Not embracing these task because they don’t feel as satisfying to complete can be very detrimental to developing a success mindset because you end up floundering a bit. It can feel very much like you’re spinning your wheels and wasting your time as you shift to the more intangible tasks, but the long-term implication of these types of tasks is essential to growing your business.
Understanding this shift in your role and dealing with the common mental struggle of “but I’m not really doing anything,” will help you successfully navigate this change.
Developing a Success Mindset Shift #3
A third mindset shift is accepting that things may get worse before they get better and that things always take longer to do properly than we’d like for them to take. This is a huge part of the battle when developing a success mindset because we are so often wired for instant gratification that if things don’t happen now, we assume we’ve failed.

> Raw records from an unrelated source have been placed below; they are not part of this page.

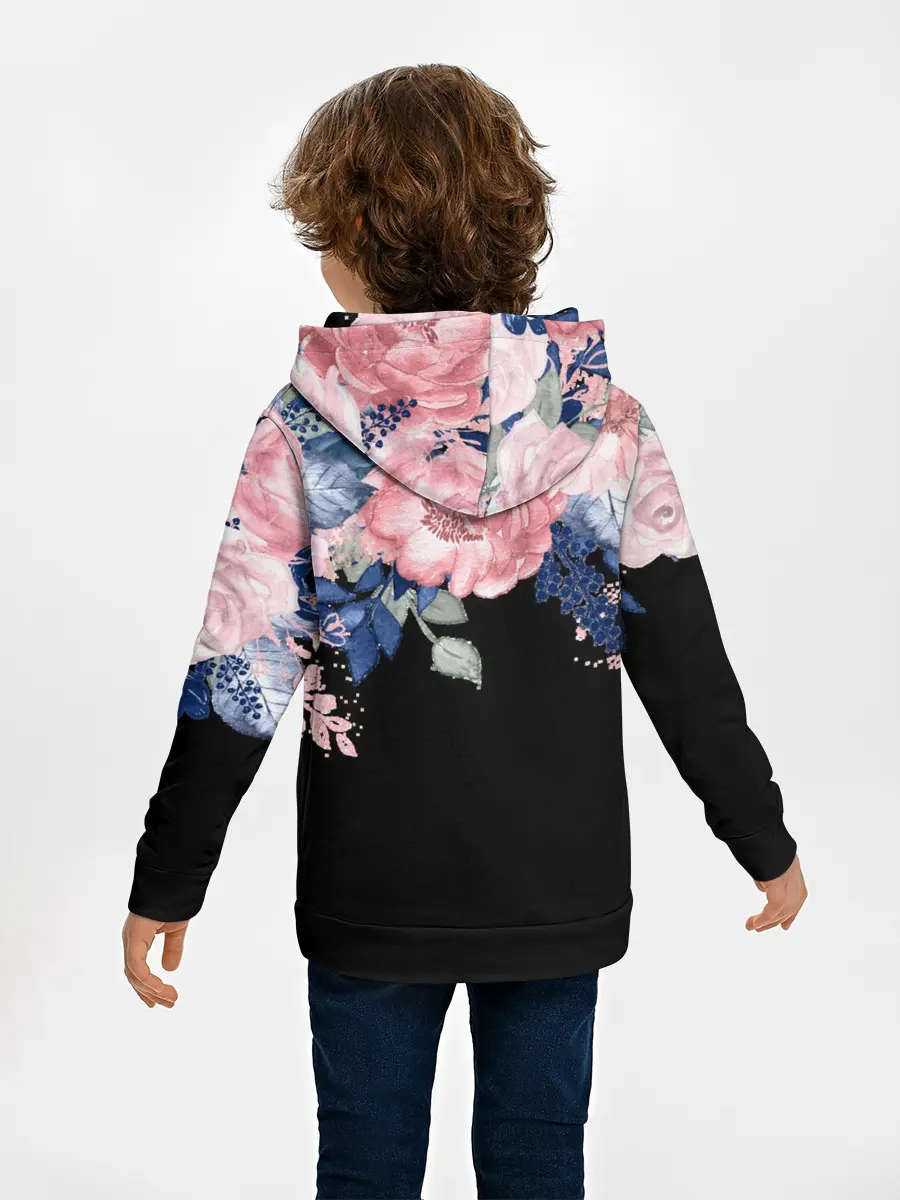 Детское худи / цветы на черном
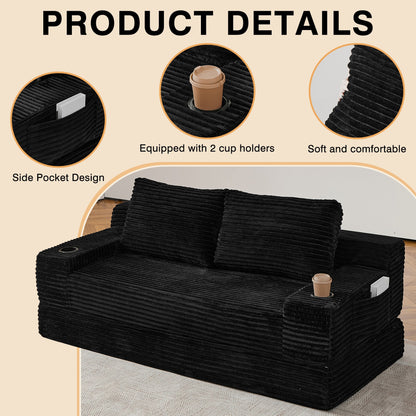 70.8-inch corduroy two-in-one sofa bed, featuring a lounge chair with two throw pillows, built-in cup holders in the armrests, and side storage pockets-ideal for living rooms, bedrooms, and relaxation
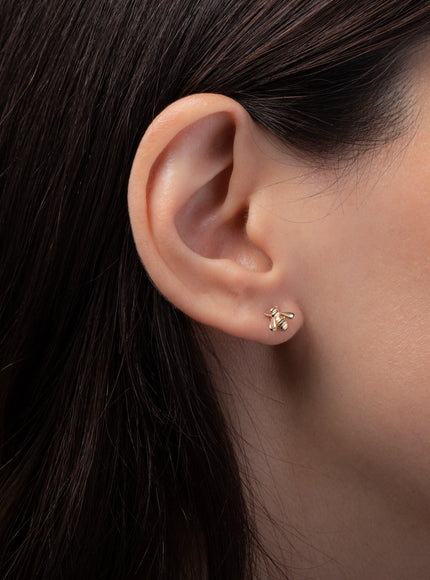 Zoe Lev 14K Gold Bee Stud Earrings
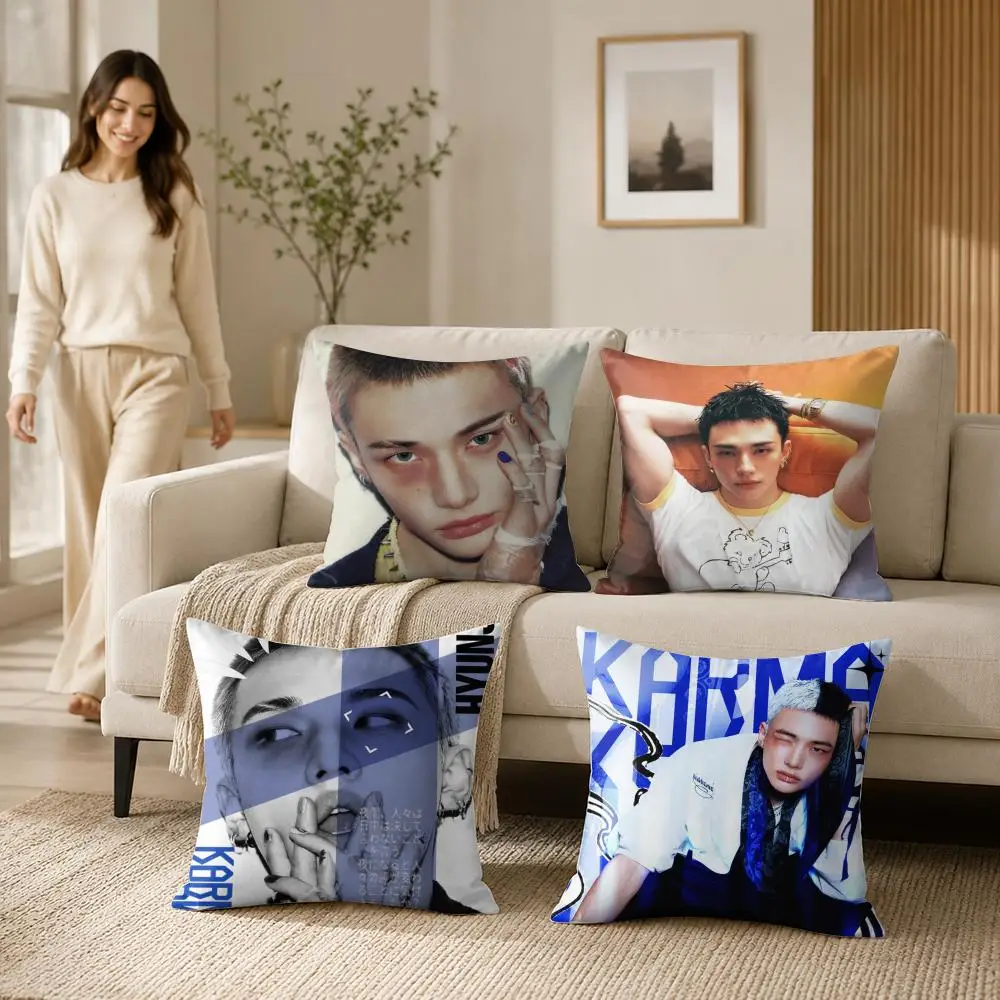 Star H-Hwang Hyunjin Cushion Cover Soft Short Plush Double-Sided Printing Home Decor Machine Washable Pillow Case Gift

For instance, I commonly help my clients evaluate any existing team members when we first start. In this process, we often realize they don’t have the right people doing the right things. So, to make the changes they want, we may have to change team member roles or even let them go.
This can feel very much like a step backward, but it is essential to the overall goals of the business. You simply cannot make the long-term progress you need to make without the proper support available.
Putting sustainable support in place very often takes longer to do than we’d like. You may not find the right team member on the first — or even second — try. So you have to be willing to stay the course until you get it right for the long term rather than accept less than you need for short-term gains.
Developing a success mindset starts by knowing what you want and continues by consistently working towards what you want. These three mindset shifts will help you start your journey from solopreneur to CEO. Ultimately, you will accomplish far more than you may have ever imagined in the process and have more fun than you might think if you’re prepared to take things as they come and pivot as needed.